■ Supplied data:

------------------------------

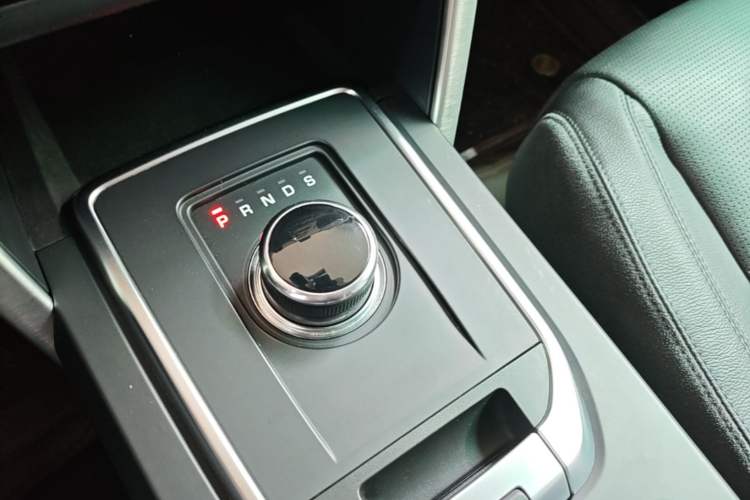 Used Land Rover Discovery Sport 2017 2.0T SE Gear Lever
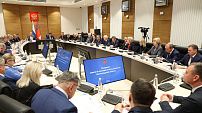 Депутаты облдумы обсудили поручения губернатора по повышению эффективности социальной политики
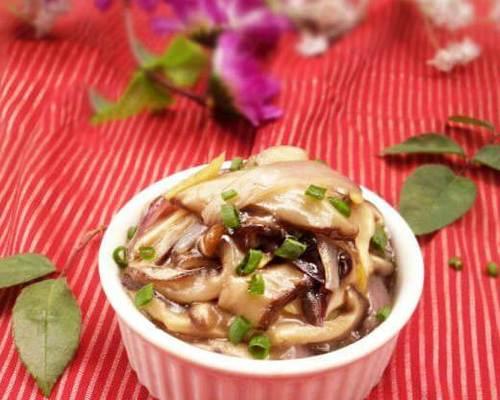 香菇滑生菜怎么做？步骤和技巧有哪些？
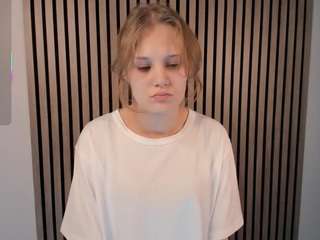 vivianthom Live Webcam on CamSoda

------------------------------

■ Problem to solve: Could you output the listing word for word, omitting every picture?

■ Reply:
 Used Land Rover Discovery Sport 2017 2.0T SE Gear Lever
 Депутаты облдумы обсудили поручения губернатора по повышению эффективности социальной политики
 香菇滑生菜怎么做？步骤和技巧有哪些？
 vivianthom Live Webcam on CamSoda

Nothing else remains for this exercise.